Consider that at some period of time the sensor registers an interference of an event, consisting of the compression wave, and two shear waves. Traces now contain a recordings of the event, effectively, a projections of the oscillations on the sensor's axes.
How do I now virtually re-orient the axes, that is, perform the linear transform of the traces, so that they will be oriented each along a corresponding wave displacement vector, and thus will contain only single wave event recording in each of the traces after the transformation?
EDIT1: Actually, we have a 3D-curve $r(t)$ of sensor motion, which is represented by sensor axial readings $r_1(t), r_2(t), r_3(t)$. The task is to find the "primal" directions of $r(t)$ movements and re-orient axes to those directions $q_1(t), q_2(t), q_3(t)$.

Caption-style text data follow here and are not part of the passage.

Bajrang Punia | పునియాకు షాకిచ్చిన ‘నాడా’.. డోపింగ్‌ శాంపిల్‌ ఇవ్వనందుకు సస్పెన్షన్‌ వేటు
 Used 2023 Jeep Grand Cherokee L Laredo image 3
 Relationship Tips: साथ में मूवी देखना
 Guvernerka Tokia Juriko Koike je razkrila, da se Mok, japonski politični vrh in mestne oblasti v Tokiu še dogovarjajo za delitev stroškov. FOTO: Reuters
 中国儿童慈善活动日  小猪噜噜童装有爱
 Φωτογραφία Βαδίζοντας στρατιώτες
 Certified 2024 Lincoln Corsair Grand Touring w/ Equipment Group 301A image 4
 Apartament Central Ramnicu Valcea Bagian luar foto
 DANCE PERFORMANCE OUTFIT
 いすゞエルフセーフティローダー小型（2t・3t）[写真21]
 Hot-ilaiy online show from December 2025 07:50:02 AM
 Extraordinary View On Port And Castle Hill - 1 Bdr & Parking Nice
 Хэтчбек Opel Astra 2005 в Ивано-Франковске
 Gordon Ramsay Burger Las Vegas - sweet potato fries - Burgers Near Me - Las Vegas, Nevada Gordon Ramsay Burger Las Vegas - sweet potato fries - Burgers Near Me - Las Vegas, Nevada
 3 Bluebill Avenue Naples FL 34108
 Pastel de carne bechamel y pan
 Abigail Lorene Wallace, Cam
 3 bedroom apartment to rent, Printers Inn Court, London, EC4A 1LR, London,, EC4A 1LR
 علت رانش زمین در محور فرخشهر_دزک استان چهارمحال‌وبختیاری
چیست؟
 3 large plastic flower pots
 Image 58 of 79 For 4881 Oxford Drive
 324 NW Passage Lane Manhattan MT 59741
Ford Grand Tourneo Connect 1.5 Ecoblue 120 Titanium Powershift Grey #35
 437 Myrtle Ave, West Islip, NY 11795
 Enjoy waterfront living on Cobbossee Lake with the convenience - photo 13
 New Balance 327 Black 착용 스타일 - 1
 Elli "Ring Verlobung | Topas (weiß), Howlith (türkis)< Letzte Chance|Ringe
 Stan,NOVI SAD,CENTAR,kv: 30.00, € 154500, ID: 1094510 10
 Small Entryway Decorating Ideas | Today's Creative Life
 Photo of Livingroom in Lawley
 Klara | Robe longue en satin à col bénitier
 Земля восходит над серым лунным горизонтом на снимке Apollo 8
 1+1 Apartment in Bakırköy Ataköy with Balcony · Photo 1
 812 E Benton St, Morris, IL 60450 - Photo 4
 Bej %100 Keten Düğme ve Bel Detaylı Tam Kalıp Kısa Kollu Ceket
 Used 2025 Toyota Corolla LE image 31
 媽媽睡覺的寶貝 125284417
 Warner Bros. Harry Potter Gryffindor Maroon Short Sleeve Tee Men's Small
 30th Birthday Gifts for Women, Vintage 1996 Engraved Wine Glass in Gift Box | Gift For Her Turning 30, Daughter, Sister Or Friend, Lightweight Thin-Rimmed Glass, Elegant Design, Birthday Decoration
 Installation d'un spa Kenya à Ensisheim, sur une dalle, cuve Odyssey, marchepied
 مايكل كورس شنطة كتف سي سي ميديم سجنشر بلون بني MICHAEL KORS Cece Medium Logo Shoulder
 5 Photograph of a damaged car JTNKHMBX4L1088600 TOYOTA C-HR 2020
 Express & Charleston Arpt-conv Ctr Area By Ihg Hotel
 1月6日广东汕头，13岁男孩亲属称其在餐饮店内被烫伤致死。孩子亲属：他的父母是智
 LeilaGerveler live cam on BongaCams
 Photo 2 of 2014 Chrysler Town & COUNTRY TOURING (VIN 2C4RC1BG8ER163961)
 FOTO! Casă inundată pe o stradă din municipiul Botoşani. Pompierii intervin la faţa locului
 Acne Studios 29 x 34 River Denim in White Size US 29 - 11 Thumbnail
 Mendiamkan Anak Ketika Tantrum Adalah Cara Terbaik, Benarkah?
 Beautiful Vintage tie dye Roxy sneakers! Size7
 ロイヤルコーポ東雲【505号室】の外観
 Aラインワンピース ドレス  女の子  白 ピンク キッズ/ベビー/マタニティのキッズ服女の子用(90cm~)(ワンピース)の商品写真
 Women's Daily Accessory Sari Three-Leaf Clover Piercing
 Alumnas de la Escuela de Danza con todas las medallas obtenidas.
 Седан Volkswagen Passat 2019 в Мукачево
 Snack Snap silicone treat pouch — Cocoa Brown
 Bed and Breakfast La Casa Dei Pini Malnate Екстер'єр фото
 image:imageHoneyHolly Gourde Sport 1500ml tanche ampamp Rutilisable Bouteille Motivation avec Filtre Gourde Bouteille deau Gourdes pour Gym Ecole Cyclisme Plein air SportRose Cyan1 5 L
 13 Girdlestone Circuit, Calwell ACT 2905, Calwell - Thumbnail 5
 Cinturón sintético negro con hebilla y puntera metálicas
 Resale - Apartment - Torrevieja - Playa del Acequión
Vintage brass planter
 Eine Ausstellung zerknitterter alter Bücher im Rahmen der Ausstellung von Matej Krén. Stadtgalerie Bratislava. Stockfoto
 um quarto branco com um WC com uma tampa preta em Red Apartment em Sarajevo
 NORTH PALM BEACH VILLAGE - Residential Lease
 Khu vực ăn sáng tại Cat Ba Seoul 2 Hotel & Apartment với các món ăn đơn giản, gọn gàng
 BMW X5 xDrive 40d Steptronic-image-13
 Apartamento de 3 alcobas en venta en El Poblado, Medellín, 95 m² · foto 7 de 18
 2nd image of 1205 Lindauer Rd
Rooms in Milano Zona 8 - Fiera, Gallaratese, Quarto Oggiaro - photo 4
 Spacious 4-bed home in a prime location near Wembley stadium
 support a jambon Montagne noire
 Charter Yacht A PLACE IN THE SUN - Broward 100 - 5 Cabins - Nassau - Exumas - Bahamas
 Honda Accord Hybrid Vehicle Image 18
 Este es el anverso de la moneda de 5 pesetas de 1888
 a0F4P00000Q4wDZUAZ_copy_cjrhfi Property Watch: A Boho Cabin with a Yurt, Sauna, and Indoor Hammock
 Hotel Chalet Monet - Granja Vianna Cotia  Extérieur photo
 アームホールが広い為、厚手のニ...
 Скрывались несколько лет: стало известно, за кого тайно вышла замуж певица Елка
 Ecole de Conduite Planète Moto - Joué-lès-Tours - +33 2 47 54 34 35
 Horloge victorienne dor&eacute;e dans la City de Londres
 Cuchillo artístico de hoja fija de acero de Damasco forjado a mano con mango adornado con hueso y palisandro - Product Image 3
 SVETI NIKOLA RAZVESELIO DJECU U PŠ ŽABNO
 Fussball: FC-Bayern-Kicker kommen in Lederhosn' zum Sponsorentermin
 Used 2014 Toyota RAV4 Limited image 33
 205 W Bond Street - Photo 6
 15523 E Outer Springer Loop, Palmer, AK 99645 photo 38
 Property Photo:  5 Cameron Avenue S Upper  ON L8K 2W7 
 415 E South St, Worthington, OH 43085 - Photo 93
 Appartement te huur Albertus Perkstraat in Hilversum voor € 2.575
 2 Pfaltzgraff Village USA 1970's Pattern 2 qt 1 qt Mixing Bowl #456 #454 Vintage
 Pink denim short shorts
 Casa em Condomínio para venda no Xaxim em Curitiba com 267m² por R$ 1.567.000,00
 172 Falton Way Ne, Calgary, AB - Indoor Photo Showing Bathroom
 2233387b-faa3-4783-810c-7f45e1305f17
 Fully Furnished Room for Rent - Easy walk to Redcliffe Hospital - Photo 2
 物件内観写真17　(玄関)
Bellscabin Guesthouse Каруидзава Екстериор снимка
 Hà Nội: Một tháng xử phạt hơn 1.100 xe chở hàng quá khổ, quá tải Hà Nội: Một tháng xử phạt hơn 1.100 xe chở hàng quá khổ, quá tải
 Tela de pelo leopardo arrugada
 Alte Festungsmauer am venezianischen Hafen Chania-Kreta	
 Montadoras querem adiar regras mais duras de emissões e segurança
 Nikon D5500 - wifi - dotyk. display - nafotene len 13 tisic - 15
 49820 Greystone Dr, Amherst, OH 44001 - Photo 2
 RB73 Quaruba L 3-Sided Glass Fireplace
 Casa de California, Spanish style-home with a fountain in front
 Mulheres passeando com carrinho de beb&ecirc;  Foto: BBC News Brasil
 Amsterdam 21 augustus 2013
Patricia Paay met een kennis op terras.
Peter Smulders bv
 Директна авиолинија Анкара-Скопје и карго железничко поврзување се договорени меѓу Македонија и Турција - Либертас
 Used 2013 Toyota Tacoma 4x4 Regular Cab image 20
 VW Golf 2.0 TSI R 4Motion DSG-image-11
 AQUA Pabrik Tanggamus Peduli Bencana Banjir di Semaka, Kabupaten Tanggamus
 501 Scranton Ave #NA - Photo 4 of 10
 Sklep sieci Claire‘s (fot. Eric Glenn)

 A: There are two questions here.  The first, which Eric answered for orthogonal axes, is "given the axes to transform to, how do I transform?"  The second is "given the data, how do I figure out the axes to transform to?.  I don't think that is available from a single sensor.  If you have some more knowledge you might be able to.   If you know the source of the disturbance, one axis might be from the source to the sensor.  If you have a model how the longitudinal and transverse disturbances are related, you could try a fit to your data as a function of the axes.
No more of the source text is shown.